Avec les nouvelles techniques 3D, et en particulier la tomographie à rayons X par lumière synchrotron, de plus en plus de tissus mous fossilisés sont découverts chez des fossiles. Ainsi, pour la première fois, un cerveau fossilisé a été mis au jour chez une chimère fossile vieille de 300 millions d’années (Figure 3). Ce crâne de chimère fossile, nommée Iniopera, a été découvert dans un nodule de pierre de quelques centimètres, dans des terrains carbonifères des Etats-Unis. Ce cerveau apparaît petit par rapport à la cavité crânienne dont la morphologie ne reflète pas exactement celle du cerveau. Le tectum optique est important et le cervelet relativement petit : cette chimère devait habiter un milieu peu profond, peut-être récifal, et devait être un prédateur relativement lent, comme les chimères actuelles.

 

Figure 3. La chimère fossile Iniopera (collection Kansas University Natural History Museum, Lawrence, Kansas, USA, n°KUNHM 22060). A : nodule avec crâne fossile en vue frontale ; B : reconstitution virtuelle à partir de données tomographiques par synchrotron (ESRF, Grenoble) du crâne (vert), de la cavité crânienne (rouge) et du cerveau (orange) en vue oblique ; C : cerveau en vue dorsale. Ci-dessous animation du modèle 3D de ce spécimen fossile.

 

 

Pour conclure, l’étude du cerveau des chondrichthyens actuels et fossiles, facilitée par les nouvelles techniques de visualisation 3D, contredit la vision ancienne qui décrivait les chondrichthyens comme des organismes primitifs à morphologie simple et archaïque.

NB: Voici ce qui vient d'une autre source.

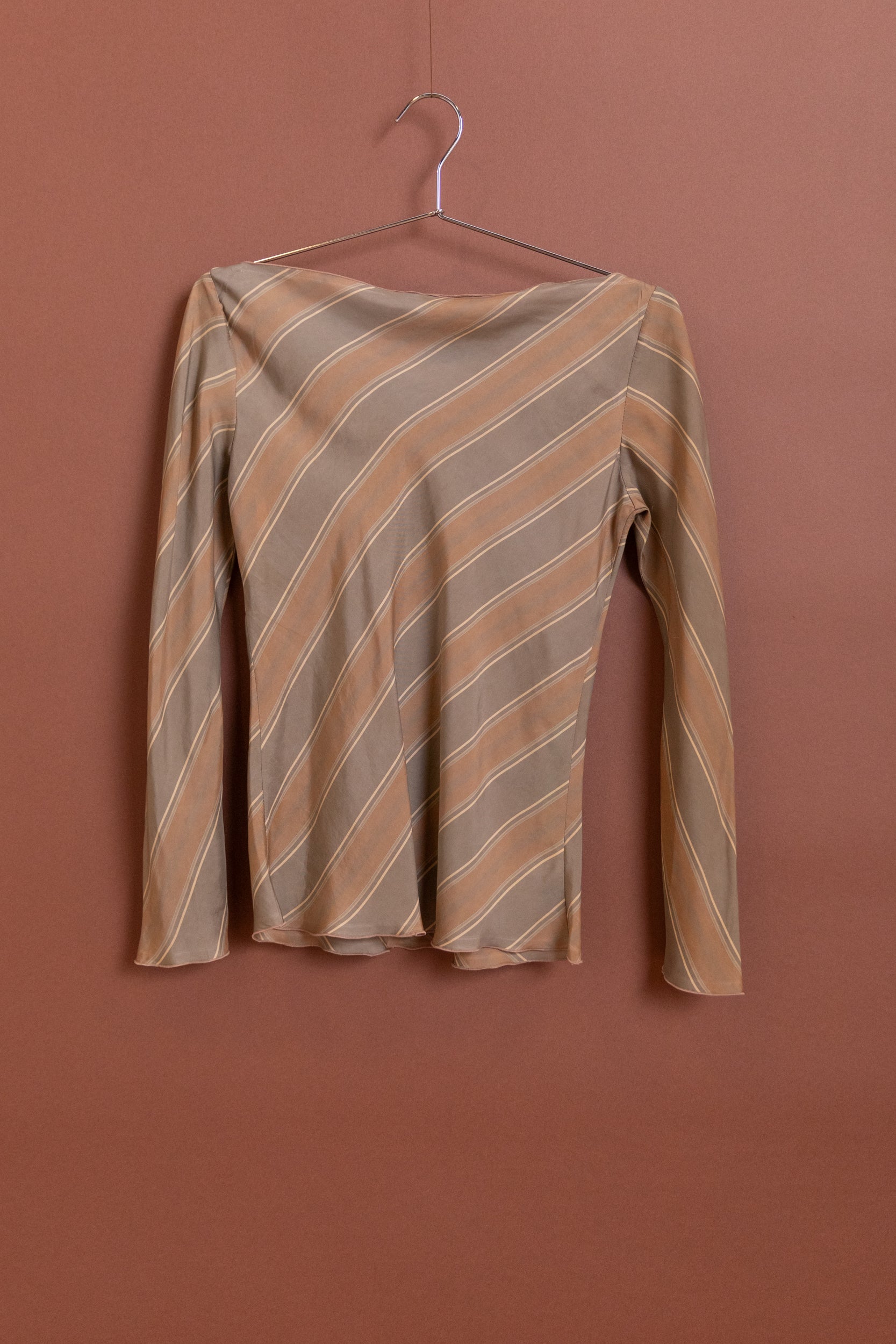 SEREN TOP IN TIE STRIPE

Alan Pradel - UMR 7207 - MNHN


Références

Pradel A, Langer M, Maisey JG, Geffard-Kuriyama D, Cloetens P, Janvier P, Tafforeau P.  2009. Skull and brain of a 300 million-year-old chimaeroid fish revealed by synchrotron. Proceedings of the National Academy of Sciences of the United States of America 106(13), 5224-5228.
 
Pradel A.  2010. Skull and brain anatomy of Late Carboniferous Sibyrhynchidae (Chondrichthyes,Iniopterygia) from Kansas and Oklahoma (USA). Geodiversitas 32( 4), 595-661.
 
Pradel A, Didier D, Casane D, Tafforeau P, Maisey JG.  2013. Holocephalan embryo provides new information on the evolution of the glossopharyngeal nerve, metotic fissure and parachordal plate in gnathostomes. PLoS ONE 8(6): e66988.